=== Exercise prompt ===
All of the entries are to be repeated exactly, with no pictures included.

━━ Exercise input ━━

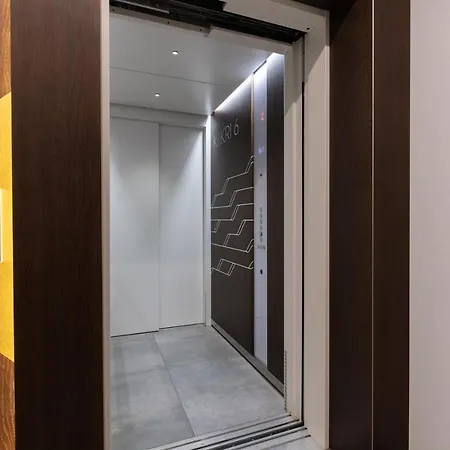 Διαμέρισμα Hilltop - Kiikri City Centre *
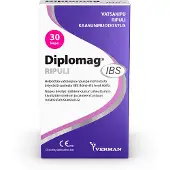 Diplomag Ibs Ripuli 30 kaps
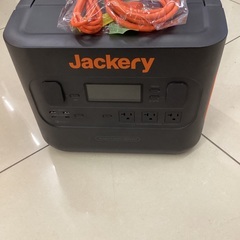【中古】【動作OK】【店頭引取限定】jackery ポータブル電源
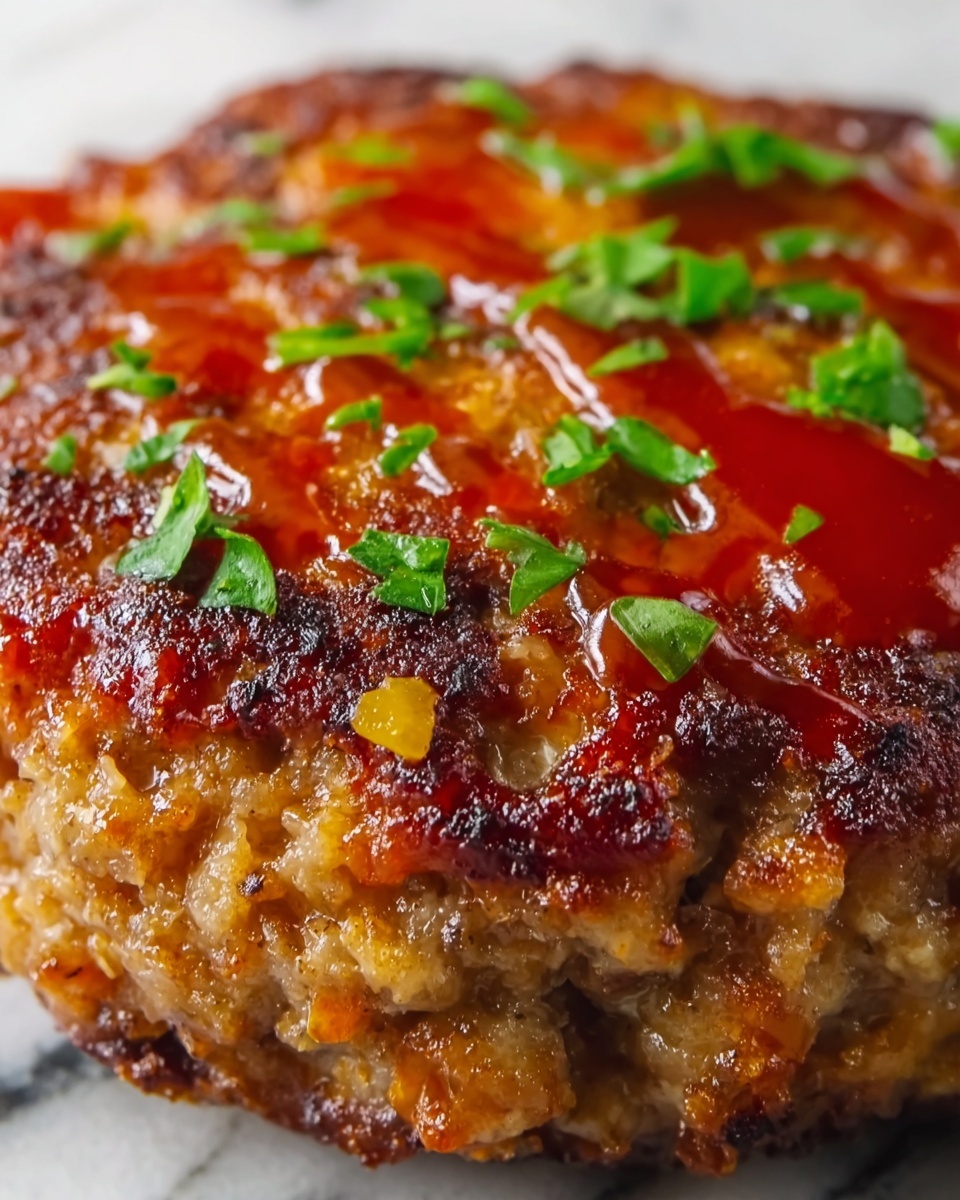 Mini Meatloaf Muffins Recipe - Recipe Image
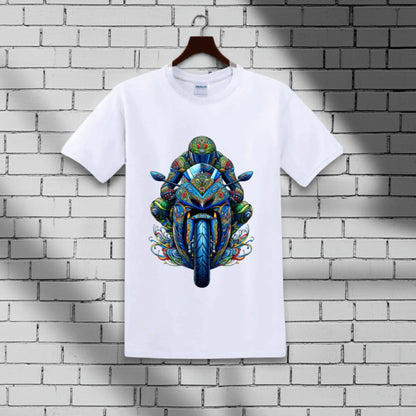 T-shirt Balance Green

━━━

=== The completed task ===
 Διαμέρισμα Hilltop - Kiikri City Centre *
 Diplomag Ibs Ripuli 30 kaps
【中古】【動作OK】【店頭引取限定】jackery ポータブル電源
 Mini Meatloaf Muffins Recipe - Recipe Image
 T-shirt Balance Green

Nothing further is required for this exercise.